Senior professionals have experience, and so can prejudge the value of their professional services. Fresh professionals and even seniors venturing into unknown fields cannot judge the value of their services. They would rather compute the cost of input first, and then add a fixed or a percentage amount, as profit.
Professional fees are very subjective. Fees vary from a professional to professional, from one project to project, and also from one client to another. There are no standards, though there may be traditions in the field. Professionals take on an assignment for a fee, determined by themselves, and sometimes after further negotiating with the clients. Besides fees, a professional also collects: Extras for other services, such as site visits, surveys, additional or optional detailing, special documentation, etc. and applicable taxes.
A professional gets engaged for different types of assignments.
Physical assignments are projects where implementation involves large resource outlays and the cost of the professional input is measurable with the scale of the project.
Intellectual projects are more intensive on conceptual input or idea. The cost of idea formation is indeterminable and cost executing the extraordinary concept is very small. The results or benefits accruing to the client are great. A client may gain extraordinary advantage by such professional contribution. So fees for intellectual projects are based the value of the professional input (to the client, society, etc.). Such fees need not match with the scale or cost of the project.
Involved projects are of two types: Involvement of the professional and the involution of the client. The client is fascinated by the prestige of the professional and desires personal involvement. Such clients will payout the stipulated fees. Professional involvement depends on many factors: Personal attitude (sincere, commercial), Demands by the client, Nature of the assignment / Competition from others / Client’s readiness to bear the additional costs (of intense involvement) etc.
■ Cost of a job nominally includes cost of all items that physically constitute a job.
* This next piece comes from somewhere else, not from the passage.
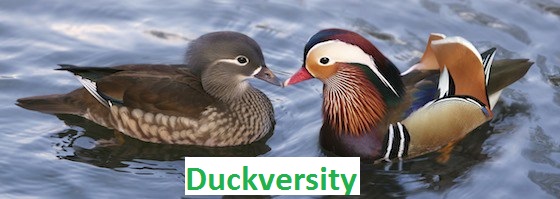 Duckversity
These items may be existing and are reformed, reused or acquired afresh. Cost of supplies by third party vendors and contractors are accountable, but items supplied by the clients from the existing stock are difficult to document. Cost of retained, saved-reused structures, antique materials, curios used in a project are not available, instead their values, though not easy to ascertain, are used. On sites where several professionals operate simultaneously, authorship to a creation is disputable.
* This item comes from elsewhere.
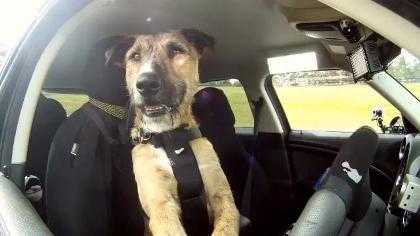 Clip xem nhiều nhất tuần: Chú chó đầu tiên biết lái xe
■ Cost of professional inputs are costs or expenses incurred to conceive, design and plan out a project. It includes cost of data collection, stationary, documentation, presentation, printing, conveyance, staff salaries, cost of management, cost of investments, cost of rents for plants, tools and equipments, etc. It also includes the value of patent ideas, royalties, and taxes.
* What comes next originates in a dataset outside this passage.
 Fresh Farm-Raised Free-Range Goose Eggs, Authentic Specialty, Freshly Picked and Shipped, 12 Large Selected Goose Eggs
■ Scale of a project can enlarge or shrink during planning, designing and the execution phase. Even at fixed spread or volume, the costs inflate or deflate according to the economic conditions. But are the fees adjustable, accordingly?
■ Cost of involvement in the project is as per the agreement on the variety of design services offered and agreed upon, and the scale of the project. Any downward sizing of the project may not automatically reduce the involvement of the professional. Though upward scaling of a project, increases the professional’s work.